Fast Access to your Complex Data: Avro, JSON, ORC, and Parquet

Fast Access to your Complex Data: Avro, JSON, ORC, and Parquet

Thursday, May 23
4:50 PM - 5:30 PM
Marquis Salon 13

The landscape for storing your big data is quite complex, with several competing formats and different implementations of each format. Understanding your use of the data is critical for picking the format. Depending on your use case, the different formats perform very differently. Although you can use a hammer to drive a screw, it isn’t fast or easy to do so.

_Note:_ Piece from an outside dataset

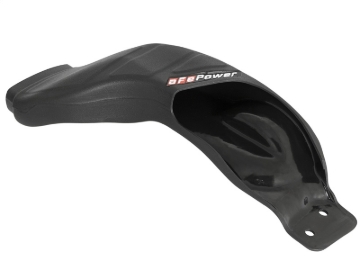 Picture of aFe Momentum HD Dynamic Air Scoop 08-10 Ford Diesel Trucks V8-6.7L (td)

The use cases that we’ve examined are:
* reading all of the columns
* reading a few of the columns
* filtering using a filter predicate
* writing the data
* schema evolution

While previous work has compared the size and speed from Hive, this presentation will present benchmarks from Spark including the new work that radically improves the performance of Spark on ORC. This presentation will also include tips and suggestions to optimize the performance of your application while reading and writing the data.

Finally, the value of having open source benchmarks that are available to all interested parties is hugely important and all of the code is available from the Apache ORC project.

SPEAKERS

Owen O'Malley
Co-founder & Technical Fellow
Cloudera
Owen O'Malley is a co-founder and technical fellow at Hortonworks, a rapidly growing company (25 to 1,000 employees in 5 years), which develops the completely open source Hortonworks Data Platform (HDP). HDP includes Hadoop and the large ecosystem of big data tools that enterprises need for their data analytics. Owen has been working on Hadoop since the beginning of 2006 at Yahoo, was the first committer added to the project, and used Hadoop to set the Gray sort benchmark in 2008 and 2009. In the last 8 years, he has been the architect of MapReduce, Security, and now Hive. Recently he has been driving the development of the ORC file format and adding ACID transactions to Hive. Before working on Hadoop, he worked on Yahoo Search's WebMap project, which was the original motivation for Yahoo to work on Hadoop.  Prior to Yahoo, he wandered between testing (UCI), static analysis (Reasoning), configuration management (Sun), and software model checking (NASA). He received his PhD in Software Engineering from University of California, Irvine.